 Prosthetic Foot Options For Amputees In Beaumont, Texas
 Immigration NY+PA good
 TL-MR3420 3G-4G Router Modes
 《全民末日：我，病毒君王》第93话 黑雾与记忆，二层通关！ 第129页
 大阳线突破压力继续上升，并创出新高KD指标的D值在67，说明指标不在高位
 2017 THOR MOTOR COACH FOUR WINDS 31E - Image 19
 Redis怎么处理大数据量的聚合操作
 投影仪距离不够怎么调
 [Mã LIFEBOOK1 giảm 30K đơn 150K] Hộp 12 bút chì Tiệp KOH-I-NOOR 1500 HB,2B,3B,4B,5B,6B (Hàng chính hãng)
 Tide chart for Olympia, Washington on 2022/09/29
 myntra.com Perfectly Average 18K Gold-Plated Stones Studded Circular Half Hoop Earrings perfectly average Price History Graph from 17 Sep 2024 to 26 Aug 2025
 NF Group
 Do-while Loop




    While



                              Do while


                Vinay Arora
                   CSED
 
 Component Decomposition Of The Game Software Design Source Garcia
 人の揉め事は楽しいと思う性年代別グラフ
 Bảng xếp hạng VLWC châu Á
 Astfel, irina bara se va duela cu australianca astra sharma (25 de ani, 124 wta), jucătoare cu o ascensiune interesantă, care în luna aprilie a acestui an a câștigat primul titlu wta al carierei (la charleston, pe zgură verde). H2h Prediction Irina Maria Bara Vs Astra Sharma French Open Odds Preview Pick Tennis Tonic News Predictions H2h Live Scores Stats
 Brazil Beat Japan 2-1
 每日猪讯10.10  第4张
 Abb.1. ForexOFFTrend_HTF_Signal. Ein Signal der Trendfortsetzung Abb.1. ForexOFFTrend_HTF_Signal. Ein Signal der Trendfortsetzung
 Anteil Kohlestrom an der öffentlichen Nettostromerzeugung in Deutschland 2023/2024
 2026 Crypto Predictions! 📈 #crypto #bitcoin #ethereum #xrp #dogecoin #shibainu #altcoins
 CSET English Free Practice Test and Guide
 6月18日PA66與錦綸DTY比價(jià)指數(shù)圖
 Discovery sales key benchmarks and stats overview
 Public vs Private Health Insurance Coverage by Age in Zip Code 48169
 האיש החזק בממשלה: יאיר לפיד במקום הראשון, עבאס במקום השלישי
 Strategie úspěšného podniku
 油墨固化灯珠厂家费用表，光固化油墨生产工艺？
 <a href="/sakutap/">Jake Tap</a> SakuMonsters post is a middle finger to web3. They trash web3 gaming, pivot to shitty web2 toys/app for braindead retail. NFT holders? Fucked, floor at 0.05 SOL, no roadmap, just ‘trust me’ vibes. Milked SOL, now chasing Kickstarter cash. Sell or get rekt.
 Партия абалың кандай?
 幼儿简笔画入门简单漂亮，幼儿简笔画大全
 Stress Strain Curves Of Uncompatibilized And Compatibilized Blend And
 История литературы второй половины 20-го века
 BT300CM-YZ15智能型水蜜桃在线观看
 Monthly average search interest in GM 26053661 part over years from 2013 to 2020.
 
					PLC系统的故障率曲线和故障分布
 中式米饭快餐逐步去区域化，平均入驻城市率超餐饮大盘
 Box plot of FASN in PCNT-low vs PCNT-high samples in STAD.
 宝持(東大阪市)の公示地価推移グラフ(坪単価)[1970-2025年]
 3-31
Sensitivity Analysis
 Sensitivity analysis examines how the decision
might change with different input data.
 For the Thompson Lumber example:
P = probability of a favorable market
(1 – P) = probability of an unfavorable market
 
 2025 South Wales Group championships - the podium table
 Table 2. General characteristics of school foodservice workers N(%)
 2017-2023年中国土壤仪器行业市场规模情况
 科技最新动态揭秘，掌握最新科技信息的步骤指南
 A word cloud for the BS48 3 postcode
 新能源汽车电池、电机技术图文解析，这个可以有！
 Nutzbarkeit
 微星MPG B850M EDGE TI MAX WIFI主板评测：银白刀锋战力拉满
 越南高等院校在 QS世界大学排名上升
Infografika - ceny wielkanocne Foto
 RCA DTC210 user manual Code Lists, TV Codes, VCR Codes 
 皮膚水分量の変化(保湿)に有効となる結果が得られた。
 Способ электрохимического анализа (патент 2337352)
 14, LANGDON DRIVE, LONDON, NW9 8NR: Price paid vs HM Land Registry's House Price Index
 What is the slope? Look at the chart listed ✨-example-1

= = = = =

Print the data above exactly as it reads.

 Prosthetic Foot Options For Amputees In Beaumont, Texas
 Immigration NY+PA good
 TL-MR3420 3G-4G Router Modes
 《全民末日：我，病毒君王》第93话 黑雾与记忆，二层通关！ 第129页
 大阳线突破压力继续上升，并创出新高KD指标的D值在67，说明指标不在高位
 2017 THOR MOTOR COACH FOUR WINDS 31E - Image 19
 Redis怎么处理大数据量的聚合操作
 投影仪距离不够怎么调
 [Mã LIFEBOOK1 giảm 30K đơn 150K] Hộp 12 bút chì Tiệp KOH-I-NOOR 1500 HB,2B,3B,4B,5B,6B (Hàng chính hãng)
 Tide chart for Olympia, Washington on 2022/09/29
 myntra.com Perfectly Average 18K Gold-Plated Stones Studded Circular Half Hoop Earrings perfectly average Price History Graph from 17 Sep 2024 to 26 Aug 2025
 NF Group
 Do-while Loop




    While



                              Do while


                Vinay Arora
                   CSED
 
 Component Decomposition Of The Game Software Design Source Garcia
 人の揉め事は楽しいと思う性年代別グラフ
 Bảng xếp hạng VLWC châu Á
 Astfel, irina bara se va duela cu australianca astra sharma (25 de ani, 124 wta), jucătoare cu o ascensiune interesantă, care în luna aprilie a acestui an a câștigat primul titlu wta al carierei (la charleston, pe zgură verde). H2h Prediction Irina Maria Bara Vs Astra Sharma French Open Odds Preview Pick Tennis Tonic News Predictions H2h Live Scores Stats
 Brazil Beat Japan 2-1
 每日猪讯10.10  第4张
 Abb.1. ForexOFFTrend_HTF_Signal. Ein Signal der Trendfortsetzung Abb.1. ForexOFFTrend_HTF_Signal. Ein Signal der Trendfortsetzung
 Anteil Kohlestrom an der öffentlichen Nettostromerzeugung in Deutschland 2023/2024
 2026 Crypto Predictions! 📈 #crypto #bitcoin #ethereum #xrp #dogecoin #shibainu #altcoins
 CSET English Free Practice Test and Guide
 6月18日PA66與錦綸DTY比價(jià)指數(shù)圖
 Discovery sales key benchmarks and stats overview
 Public vs Private Health Insurance Coverage by Age in Zip Code 48169
 האיש החזק בממשלה: יאיר לפיד במקום הראשון, עבאס במקום השלישי
 Strategie úspěšného podniku
 油墨固化灯珠厂家费用表，光固化油墨生产工艺？
 <a href="/sakutap/">Jake Tap</a> SakuMonsters post is a middle finger to web3. They trash web3 gaming, pivot to shitty web2 toys/app for braindead retail. NFT holders? Fucked, floor at 0.05 SOL, no roadmap, just ‘trust me’ vibes. Milked SOL, now chasing Kickstarter cash. Sell or get rekt.
 Партия абалың кандай?
 幼儿简笔画入门简单漂亮，幼儿简笔画大全
 Stress Strain Curves Of Uncompatibilized And Compatibilized Blend And
 История литературы второй половины 20-го века
 BT300CM-YZ15智能型水蜜桃在线观看
 Monthly average search interest in GM 26053661 part over years from 2013 to 2020.
 
					PLC系统的故障率曲线和故障分布
 中式米饭快餐逐步去区域化，平均入驻城市率超餐饮大盘
 Box plot of FASN in PCNT-low vs PCNT-high samples in STAD.
 宝持(東大阪市)の公示地価推移グラフ(坪単価)[1970-2025年]
 3-31
Sensitivity Analysis
 Sensitivity analysis examines how the decision
might change with different input data.
 For the Thompson Lumber example:
P = probability of a favorable market
(1 – P) = probability of an unfavorable market
 
 2025 South Wales Group championships - the podium table
 Table 2. General characteristics of school foodservice workers N(%)
 2017-2023年中国土壤仪器行业市场规模情况
 科技最新动态揭秘，掌握最新科技信息的步骤指南
 A word cloud for the BS48 3 postcode
 新能源汽车电池、电机技术图文解析，这个可以有！
 Nutzbarkeit
 微星MPG B850M EDGE TI MAX WIFI主板评测：银白刀锋战力拉满
 越南高等院校在 QS世界大学排名上升
Infografika - ceny wielkanocne Foto
 RCA DTC210 user manual Code Lists, TV Codes, VCR Codes 
 皮膚水分量の変化(保湿)に有効となる結果が得られた。
 Способ электрохимического анализа (патент 2337352)
 14, LANGDON DRIVE, LONDON, NW9 8NR: Price paid vs HM Land Registry's House Price Index
 What is the slope? Look at the chart listed ✨-example-1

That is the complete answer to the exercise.